Docs | SpectraStrike | Nexus | Nyxera Labs

Orchestrator Architecture (Phase 2 Design)

SpectraStrike Logo

Purpose

The orchestrator is the central control plane for SpectraStrike. It coordinates tool wrappers, enforces AAA policy, records audit trails, and publishes telemetry.

Core Components

OrchestratorEngine
- Owns runtime lifecycle (start, stop, health).
- Wires scheduler, telemetry pipeline, and policy enforcement.
TaskScheduler
- Accepts tasks from integrations and manual API.
- Prioritizes and schedules async execution.
- Supports retry policy and failure isolation.
ExecutionWorkers
- Async workers that execute normalized tool tasks.
- Emit structured execution events for logging and telemetry.
AAAServiceAdapter
- Wraps pkg.security.aaa_framework.AAAService.
- Enforces authentication and role authorization for each action.
- Produces accounting records for all privileged operations.
TelemetryPipeline
- Normalizes runtime events.
- Buffers and batches telemetry for downstream export.
- Supports secure transport abstraction for VectorVue integration.
- Supports broker-backed async publishing via TelemetryPublisher.
AuditLogger
- Uses pkg.logging.framework.
- Writes structured audit events for auth decisions, task execution, and failures.

Data Contracts

OrchestratorTask
- task_id, source, tool, action, payload, requested_by, required_role.
ExecutionResult
- task_id, status, started_at, ended_at, output, error, metadata.
TelemetryEvent
- event_id, event_type, timestamp, actor, target, status, attributes.

Runtime Flow

Receive task request.
Authenticate actor and authorize required role.
Record accounting event and enqueue task.
Worker executes task asynchronously.
Emit operational logs and audit events.
Emit telemetry events and batch for export.
Persist result and expose status query.

Messaging Backbone (Sprint 9.5)

Broker standard: RabbitMQ (dockerized deployment target).
Logical model:
- Exchange: spectrastrike.telemetry
- Routing key: telemetry.events
- Main queue: telemetry.events
- Dead-letter queue: telemetry.events.dlq
Delivery policy:
- Idempotency key per event (event_id) to deduplicate replays.
- Bounded retry attempts for transient broker failures.
- Dead-letter routing when retries are exhausted.
Runtime adapters:
- RabbitMQTelemetryPublisher: in-memory RabbitMQ model for deterministic tests.
- PikaRabbitMQTelemetryPublisher: dockerized RabbitMQ adapter for real runtime publish.
Telemetry transport security:
- RabbitMQ listener configured TLS-only (5671) with client-certificate verification.
- App-side publisher supports CA/cert/key configuration from RABBITMQ_SSL_*.
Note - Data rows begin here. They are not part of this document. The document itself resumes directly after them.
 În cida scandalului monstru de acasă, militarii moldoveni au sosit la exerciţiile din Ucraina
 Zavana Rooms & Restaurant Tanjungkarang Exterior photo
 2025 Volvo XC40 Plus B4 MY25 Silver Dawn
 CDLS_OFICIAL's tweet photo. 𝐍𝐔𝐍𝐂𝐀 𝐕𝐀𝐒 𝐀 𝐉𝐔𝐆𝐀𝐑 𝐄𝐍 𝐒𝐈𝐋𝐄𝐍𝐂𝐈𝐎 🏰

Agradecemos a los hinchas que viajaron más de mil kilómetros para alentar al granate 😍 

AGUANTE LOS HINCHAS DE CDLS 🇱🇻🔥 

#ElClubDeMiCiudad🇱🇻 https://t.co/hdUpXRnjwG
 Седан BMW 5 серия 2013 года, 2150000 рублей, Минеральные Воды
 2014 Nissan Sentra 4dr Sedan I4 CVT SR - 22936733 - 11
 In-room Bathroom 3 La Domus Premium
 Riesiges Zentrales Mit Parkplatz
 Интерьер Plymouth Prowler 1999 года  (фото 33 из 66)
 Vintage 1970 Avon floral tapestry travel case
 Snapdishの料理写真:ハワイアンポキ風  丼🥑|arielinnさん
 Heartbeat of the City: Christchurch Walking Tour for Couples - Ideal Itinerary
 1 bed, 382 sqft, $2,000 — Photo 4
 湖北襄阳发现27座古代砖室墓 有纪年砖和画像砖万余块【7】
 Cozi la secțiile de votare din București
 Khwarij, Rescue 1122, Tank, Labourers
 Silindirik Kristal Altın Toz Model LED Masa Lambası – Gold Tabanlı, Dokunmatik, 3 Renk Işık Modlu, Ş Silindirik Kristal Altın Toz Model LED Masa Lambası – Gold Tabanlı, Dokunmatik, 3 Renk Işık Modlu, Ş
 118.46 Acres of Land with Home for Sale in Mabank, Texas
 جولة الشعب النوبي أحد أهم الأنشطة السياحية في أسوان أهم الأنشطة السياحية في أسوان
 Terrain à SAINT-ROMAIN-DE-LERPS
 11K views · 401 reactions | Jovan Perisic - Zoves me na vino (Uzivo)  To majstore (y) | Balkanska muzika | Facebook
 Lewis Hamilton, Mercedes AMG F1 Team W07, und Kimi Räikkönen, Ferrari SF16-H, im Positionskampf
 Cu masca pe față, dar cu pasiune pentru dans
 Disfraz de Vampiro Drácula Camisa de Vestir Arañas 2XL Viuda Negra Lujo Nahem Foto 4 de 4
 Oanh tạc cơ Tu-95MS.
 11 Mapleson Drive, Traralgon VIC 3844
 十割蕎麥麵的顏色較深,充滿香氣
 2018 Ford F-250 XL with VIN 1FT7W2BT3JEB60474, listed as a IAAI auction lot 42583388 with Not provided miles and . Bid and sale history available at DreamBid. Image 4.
Cryptographic Signing (Sprint 10)

Signer integration: pkg.orchestrator.signing.VaultTransitSigner.
Key management:
- Transit key metadata and signing operations are delegated to HashiCorp Vault.
- Optional key bootstrap is supported through VAULT_TRANSIT_AUTO_CREATE_KEY=true.
Runtime config:
- VAULT_ADDR, VAULT_TOKEN, VAULT_NAMESPACE, VAULT_VERIFY_TLS.
- VAULT_TRANSIT_MOUNT, VAULT_TRANSIT_KEY_NAME, VAULT_TRANSIT_KEY_TYPE.
Security controls:
- HTTPS is required by default (VAULT_REQUIRE_HTTPS=true).
- Token and key material are never logged.
- Public key retrieval is version-aware for future manifest verification.
JWS generation:
- Compact JWS payload generation is handled by pkg.orchestrator.jws.CompactJWSGenerator.
- The signing input is canonical JSON (sort_keys=True) and encoded as base64url(header).base64url(payload).
- Signatures from Vault transit are requested with JWS marshaling and normalized into compact JWS signature segment encoding.
Execution Manifest schema:
- Schema is defined in pkg.orchestrator.manifest.ExecutionManifest.
- Required fields: task_context, target_urn, tool_sha256, parameters.
- task_context enforces tenant and operator attribution (tenant_id, operator_id) and task lineage (task_id, correlation_id).
- target_urn and tool_sha256 are strictly validated before signing to reduce forged/tampered dispatch risk.
Anti-replay controls:
- ExecutionManifest includes a per-request nonce and issued_at timestamp.
- pkg.orchestrator.anti_replay.AntiReplayGuard validates allowed time window and nonce uniqueness before dispatch.
- Replay storage is tenant-scoped (tenant_id + nonce) to preserve isolation boundaries.

Security and Reliability Requirements

No secrets in code or logs.
TLS-only transport for outbound telemetry.
Role-based authorization enforced before execution.
Audit trail for denied and successful operations.
Retry with bounded backoff; circuit-break style failure protection.
Tamper-evident audit stream via hash-chained audit event records.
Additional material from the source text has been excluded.